I've been using electrical tape or electricians tape whatever you want to call it, it's the stretchy black plastic tape.
I just find it's a lot easier to use, the secret seems to be to put a dab of glue on the end to prevent it fraying. I use a bit of "Tarzan's grip" glue and it to works just fine. The latest one I cut the tape in half so it would fit the grove better, anyway we'll see how it goes. so far no problems.


----------



## Hrawk (Oct 25, 2010)

Nice. Duck has been using athletic tape for the same thing and it seems to work well for him.

Cleaning up that residue when you're done is a pain though. Those cheap alcohol wipes you get work really well though.


----------



## lightgeoduck (Apr 3, 2011)

Yeah, I find cotton tape to be the best, especially attaching the bands to the pouch. I have used electicialtape in the past. It works fine, but (depending on who makes it) the residue starts to build on the forks.... I say if you continue, try a different color... I believe blue or yellow is the best when it comes to less mess left after taking it off.

You did a fine job on yours, and I am sure you enjoy doing that over wrapping thin strips of latex...

Thanks for sharing, it's always good hearing experiences from different people...

LGD


----------



## lightgeoduck (Apr 3, 2011)

Oh, I forgot to mention, the tip with the glue is great, and I will keep that in mind the next time I revisit unsung electrical tape (which I am sure I will)

LGD again


----------



## Tube_Shooter (Dec 8, 2012)

Good idea with the tape, also self amalgamating tape works fine too


----------



## Dayhiker (Mar 13, 2010)

Well now I'm gonna try it! Thanks.


----------



## Henry the Hermit (Jun 2, 2010)

As the Forum nit-picker, I just want to point out that "electrical" tape is plastic, "electricians" tape is cloth.


----------



## tradspirit (Jul 23, 2012)

Thank you Henry..I was unaware of the difference.


----------



## Henry the Hermit (Jun 2, 2010)

tradspirit said:


> Thank you Henry..I was unaware of the difference.
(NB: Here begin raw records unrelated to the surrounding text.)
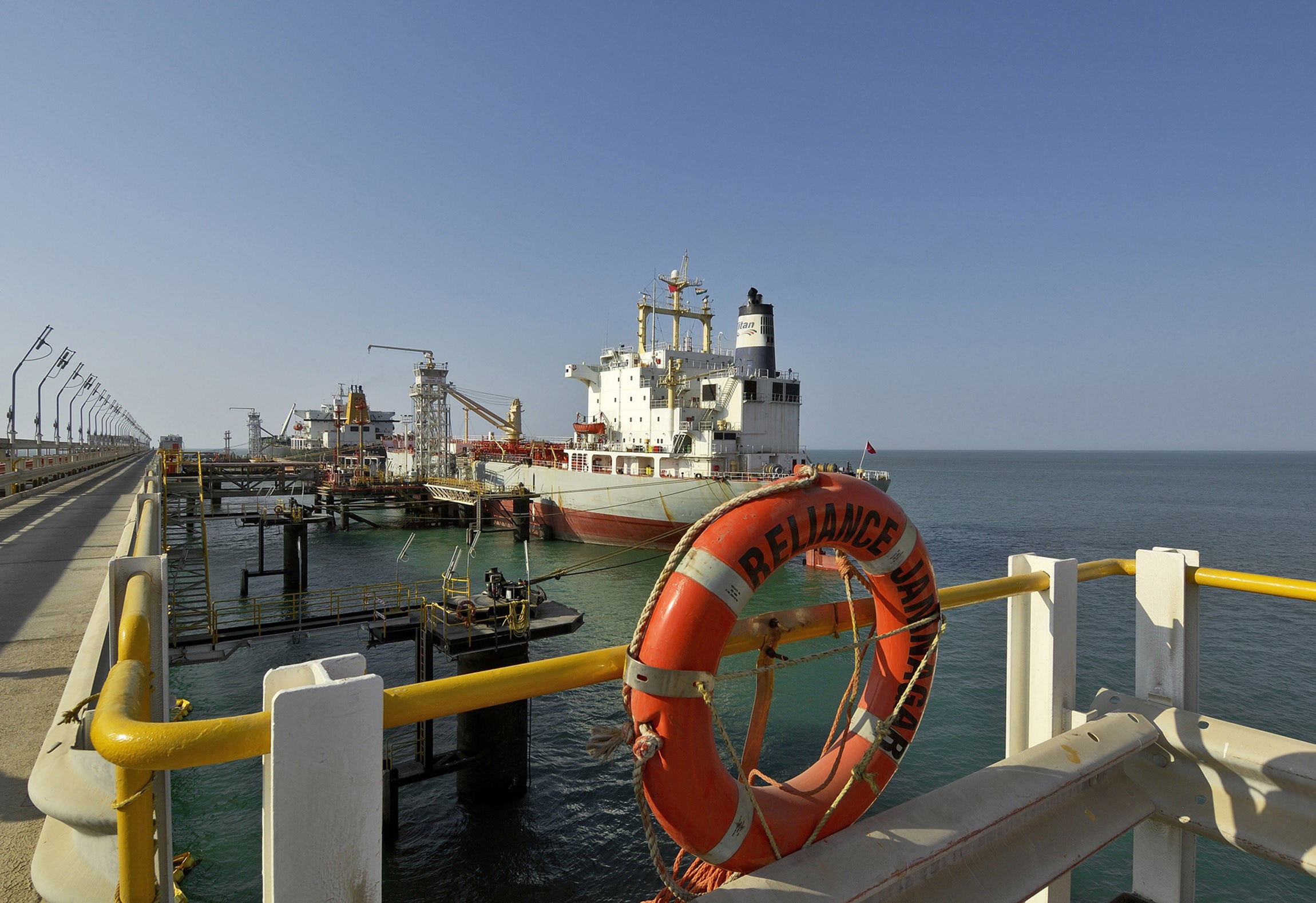 A jetty at a Reliance oil refinery in India. Some fuel heading for Europe has been rerouted to other parts of Asia. File photo: AFP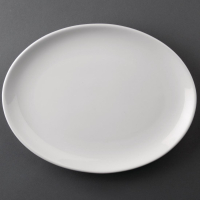 Oval Coupe Plates | White Porcelain Dinnerware | 254 x 197 mm | Athena Hotelware CC211
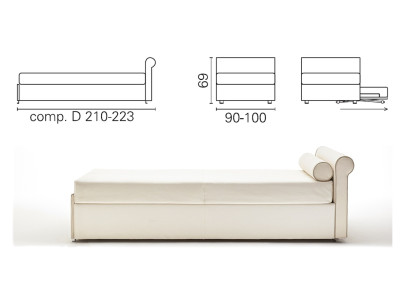 Banquette lit gigogne BK 164, composition D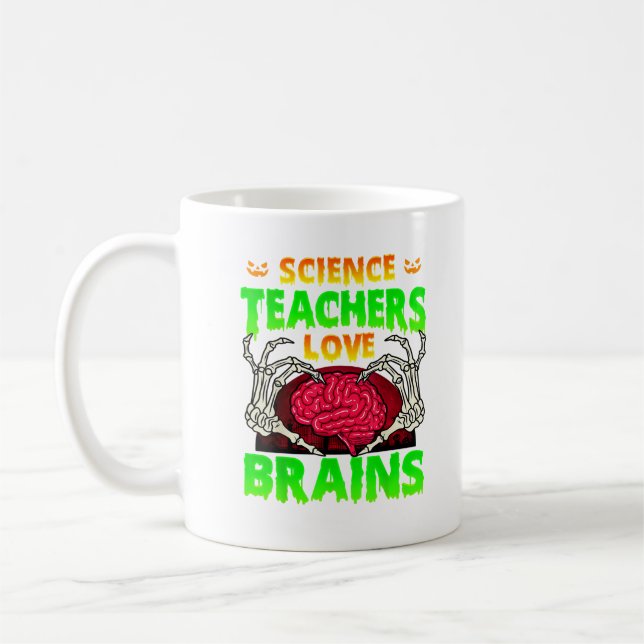 Mug Enseignants Cerveaux Squelette Coeur main Hallowee (Gauche)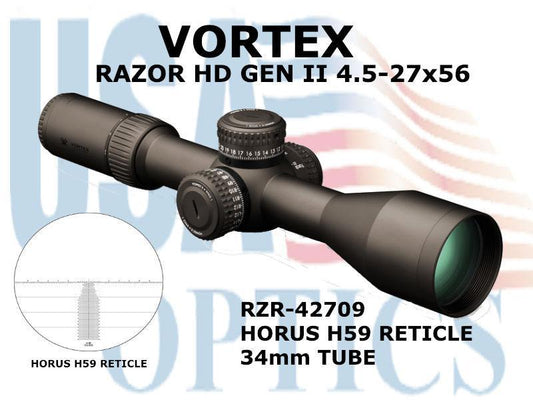 VORTEX, RZR-42709, RAZOR GEN II 4.5-27x56 H59 MRAD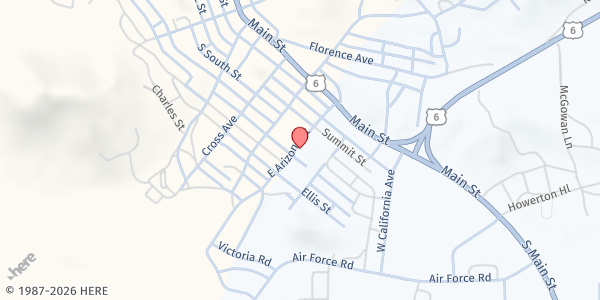 Map showing First Baptist Church of Tonopah at 512 Tonopah Ave., Tonopah, NV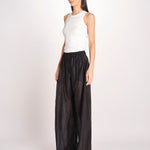 pantalone in mussola con elastico DORA 3119 T0161 BLACK T0002 the latest 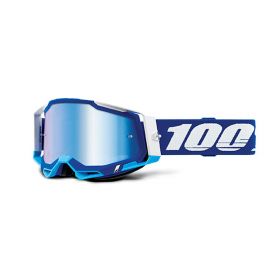 Masque Motocross 100% Racecraft 2 Bleu Lentille Miroir Bleue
I don't think many people under 60 are. LOL!


----------



## Cjw (Nov 1, 2012)

There are different grades of electrical tapes the cloth type is friction tape it used to be used when splices were made. Most uses now is vi


----------



## Cjw (Nov 1, 2012)

Most used now is plastic or vinyl tape. Scotch 88 would most likely be the best for your application. I've been an electrician for 35 years.


----------



## Henry the Hermit (Jun 2, 2010)

I stand corrected, CJW. When I was a boy, cloth was the only type of electrician's tape available in my home town. As a career electronics tech, I never used cloth tape.


----------



## Dayhiker (Mar 13, 2010)

I don't know if I'd trust electrical tape in the tropics.... or in any slingshot that's been out in the sun for an hour or so. The glue softens and the tape starts to slide.


----------



## Cervantes (Jun 10, 2011)

Wear eye protection.
But with my Texas weather, I think I would need to wear a hockey mask before trying this out..


----------



## Flatband (Dec 18, 2009)

And then there's Electrical sealing tape. Looks just like Scotch 88 Electric tape but is a rubber compound and stretches real nice. I used it many years ago for tying bands to pouches and to the prongs. We called it "Rubber tape". Cut a piece,peel off the protective sheet,and stretch it out. I also tried heat shrink tape. Makes a very neat and professional attachment to the pouch but for obvious reasons you have to be REAL careful with the heat source! Flatband


----------



## Cjw (Nov 1, 2012)

The rubber is used in a 3 step process in splicing and insulating connections like split bolt connectors the 3 tape used are cambric, rubber splicing and finally vinyl or plastic tape.


----------



## Berkshire bred (Mar 4, 2012)

i understand the interest in different materials but why not just use a thin strip of your elastic.


----------



## Flatband (Dec 18, 2009)

Hey BB, it's just our nature. We have to try all possibilities!!!!!!!! Flatband


----------



## Henry the Hermit (Jun 2, 2010)

Gary is right. I'm quite sure that somewhere there is a good old boy about my age who once tied his inner tube rubber to a forked stick with barbed wire, or 'bob-war' as we called it.


----------